Learn how custom stair-builder Clyde Martin completed a 33-ft.-long stacked-lamination slide with wraparound staircase.
After leaving the residential construction business, Clyde Martin decided to follow his passion and dedicate his time to building custom staircases. His company, TopTread Stairways, specializes in prebuilt staircases and railings, and his most recent feat is arguably one of his most impressive.
In 2017, the O’Brien family contacted Clyde about making their dream come true of having a slide installed in their home paired with a unique spiral staircase. Clyde embraced the challenge, and he agreed to the task of building a 33-ft. long slide, and a stair stringer to match, to be prebuilt and then installed in the clients home in Sacramento, California. The client had been searching for someone to tackle this project for over eight years, and Clyde and his team at TopTread Stairways, though located nearly 1000 miles away in Sierra Vista, Arizona, felt like the perfect match.
The construction process
The first step in the process was to understand how the parts would come together. “Like almost all my curved projects, I assumed I would build it by bending thin strips of wood, curved lamination. But the customer wanted a very smooth transition to level at the top and bottom of the slide and I couldn’t figure out how to do this with curved lamination,” Clyde recalls.
The answer to this problem was to build a stacked lamination of hundreds of precisely curved pieces of wood. Before getting started on the full-size stairs and slide, Clyde needed to mock up and build scaled models to get approval of the final design from his clients.

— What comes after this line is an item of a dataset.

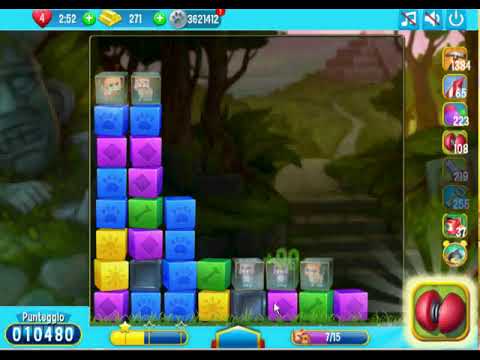 Pet Rescue Saga Livello 2524 Level 2524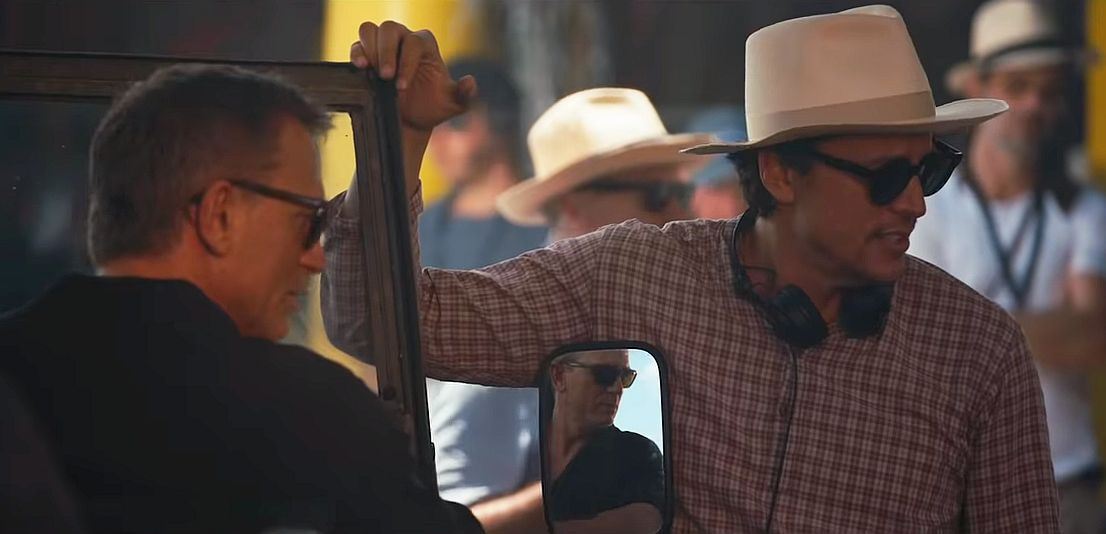 Πρώτο teaser για το Bond 25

He began work on a 7-ft.-long model of the slide made out of MDF to make sure the slope and profile were right.
Once he was past the planning stages, and his clients had tested out the scale model, it was finally time to get started on the full 33-ft.-long final version. The staircase and slide combo are constructed of a total of 445 layers of cross-laminated strips of black walnut.

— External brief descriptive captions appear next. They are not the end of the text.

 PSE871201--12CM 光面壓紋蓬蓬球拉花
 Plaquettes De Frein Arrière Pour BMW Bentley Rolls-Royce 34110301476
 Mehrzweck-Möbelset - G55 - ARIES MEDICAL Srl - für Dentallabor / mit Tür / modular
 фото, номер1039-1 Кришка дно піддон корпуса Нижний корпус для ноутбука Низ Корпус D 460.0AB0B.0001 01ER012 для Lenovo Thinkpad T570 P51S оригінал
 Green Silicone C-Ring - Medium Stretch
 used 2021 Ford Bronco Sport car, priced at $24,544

“Obviously, this giant slide project is the most challenging one I have ever taken on. The first four months of building it went very slow. Quite often, I would just have to walk away for a while and work at something else for several days until I could ‘crack the code’ on how to proceed with the next step in the process. And the nervous feeling of ‘what if it doesn’t fit’ never quite left me. Eight months and 950 miles is a long ways. My parents were very good examples, teaching and showing us children how it is helpful to move beyond our comfort zone. It can help us grow,” Clyde said.

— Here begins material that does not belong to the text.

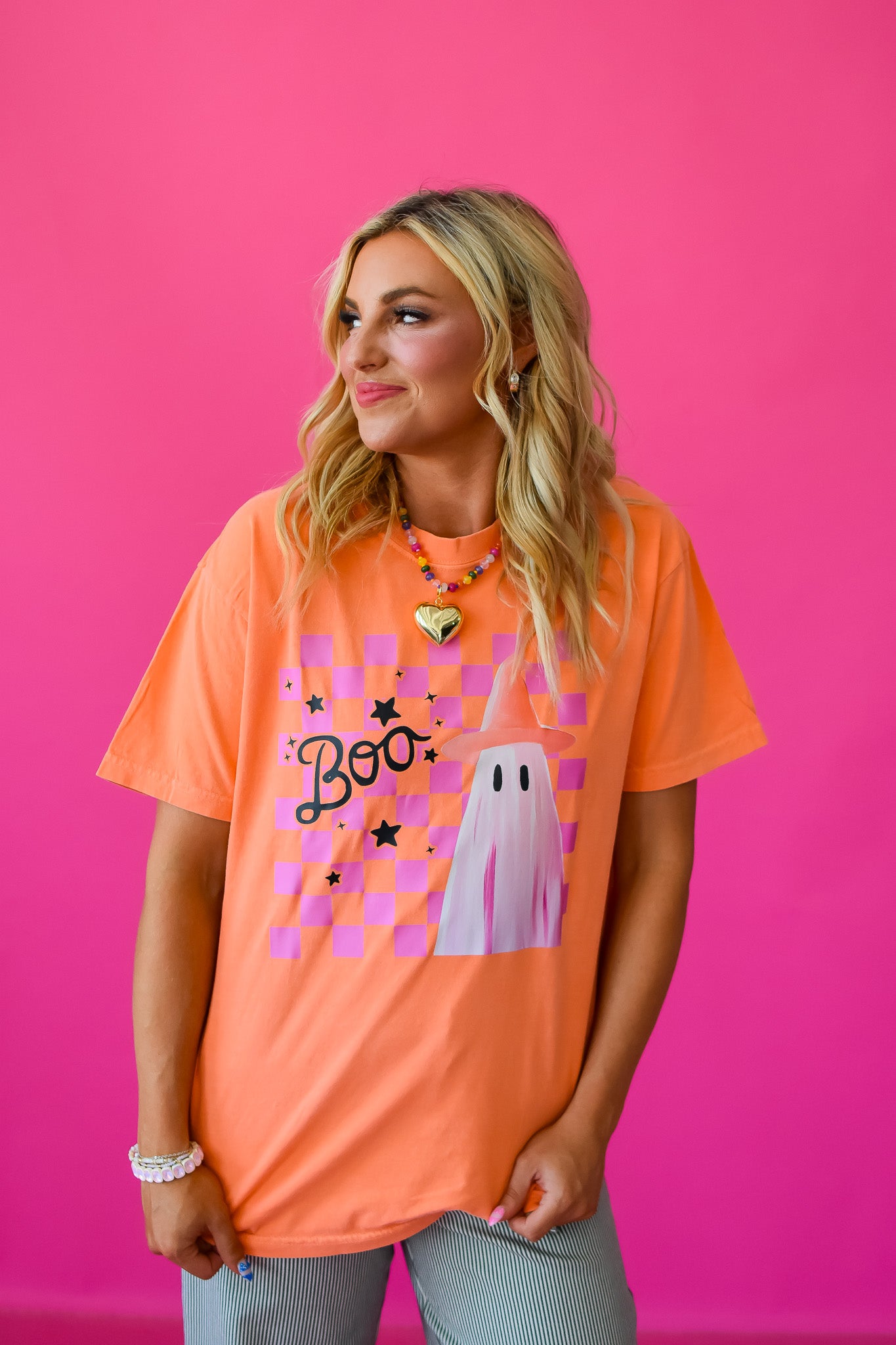 Cutie Ghost Tee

“Now, looking back, I can say that I have no regrets for having taken on this project. I’d be delighted to build more stair/slide projects like this one. In the meantime, we are contenting ourselves with much simpler stair projects.”
The slide pieces were initially cut using a CNC router. Clyde then began assembling the parts by gluing them up and milling them into their final shape. “Once I got the first few feet of slide done I felt a lot better. I pressed on layer after layer until I had 445 layers and 33 linear feet completed. Now I really felt confident!” Clyde said about the process.
He then built the matching curved stair stringer and cut and installed the treads into rabbets that he cut into the right side of the slide. The curved handrail and spiral newel post came last.
The slide was built into three sections for ease of transport from Arizona to California, and with all parts ready to be sent off, years of work finally came together.
Clyde describes this as the project of a lifetime, but after tackling something this ambitious, we’re looking forward to seeing what he comes up with next.